Return all the entries exactly. No pictures.

■ Material for this task
━━━━━━━━
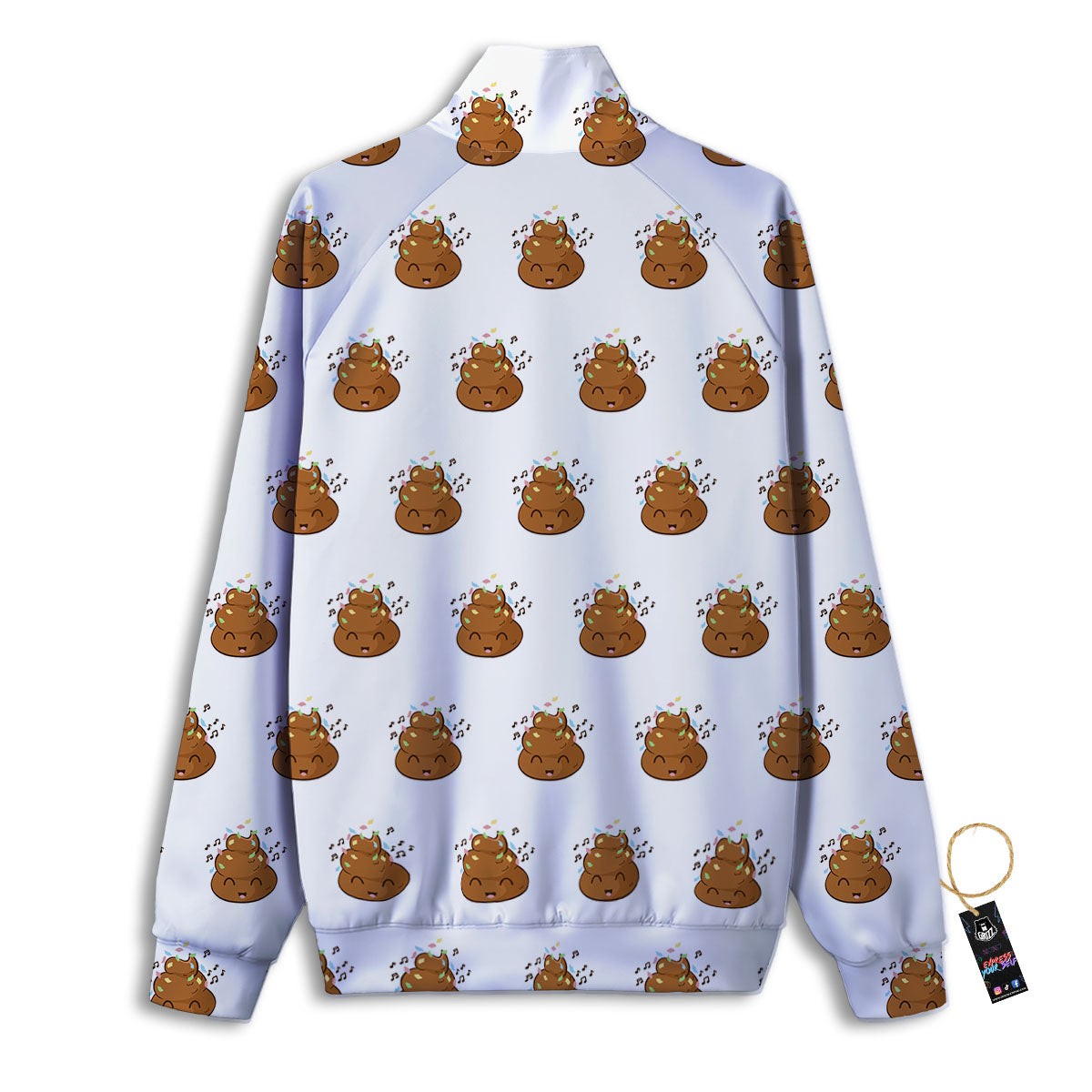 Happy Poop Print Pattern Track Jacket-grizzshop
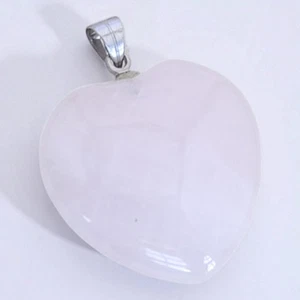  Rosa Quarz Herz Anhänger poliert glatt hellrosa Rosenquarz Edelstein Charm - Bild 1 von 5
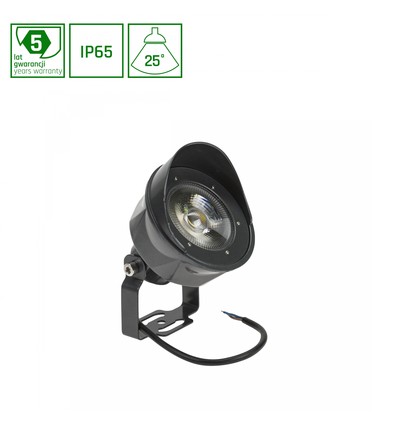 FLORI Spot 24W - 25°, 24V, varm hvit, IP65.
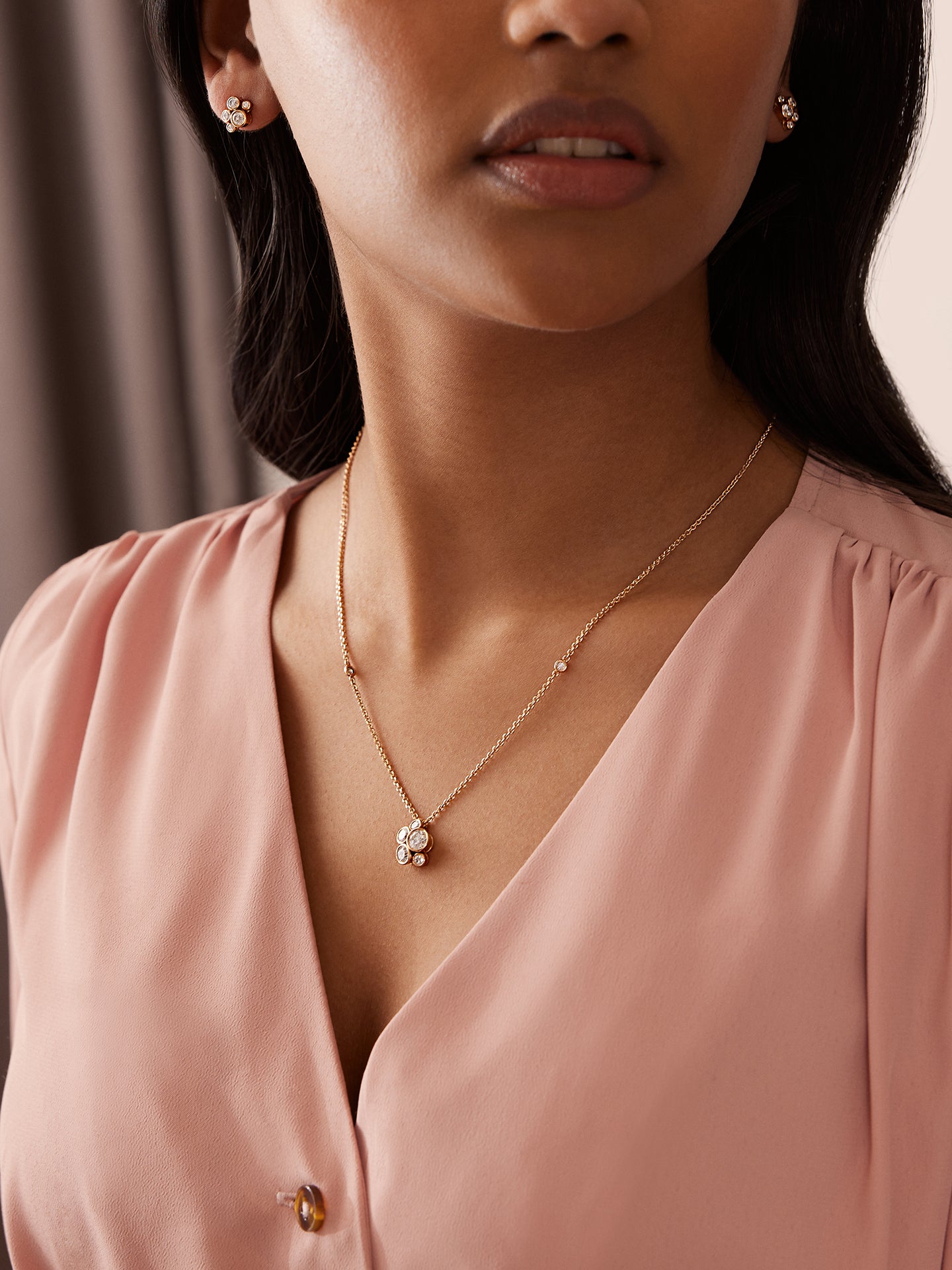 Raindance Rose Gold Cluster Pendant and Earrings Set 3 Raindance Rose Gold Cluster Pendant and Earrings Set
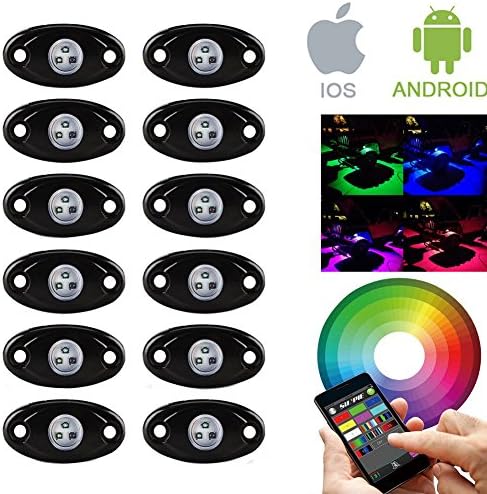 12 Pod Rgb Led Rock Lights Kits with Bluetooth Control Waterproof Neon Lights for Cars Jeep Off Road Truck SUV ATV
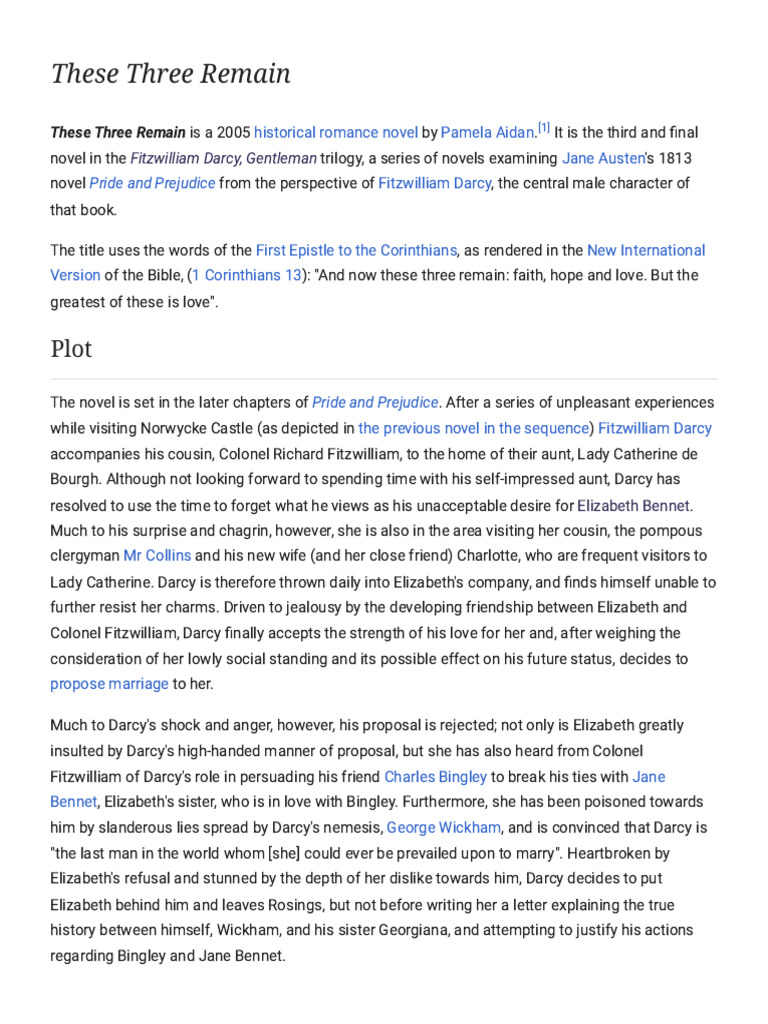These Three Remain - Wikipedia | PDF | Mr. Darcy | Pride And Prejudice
━━━━━━━━
■ Task response
 Happy Poop Print Pattern Track Jacket-grizzshop
  Rosa Quarz Herz Anhänger poliert glatt hellrosa Rosenquarz Edelstein Charm - Bild 1 von 5
 FLORI Spot 24W - 25°, 24V, varm hvit, IP65.
 Raindance Rose Gold Cluster Pendant and Earrings Set 3 Raindance Rose Gold Cluster Pendant and Earrings Set
 12 Pod Rgb Led Rock Lights Kits with Bluetooth Control Waterproof Neon Lights for Cars Jeep Off Road Truck SUV ATV
These Three Remain - Wikipedia | PDF | Mr. Darcy | Pride And Prejudice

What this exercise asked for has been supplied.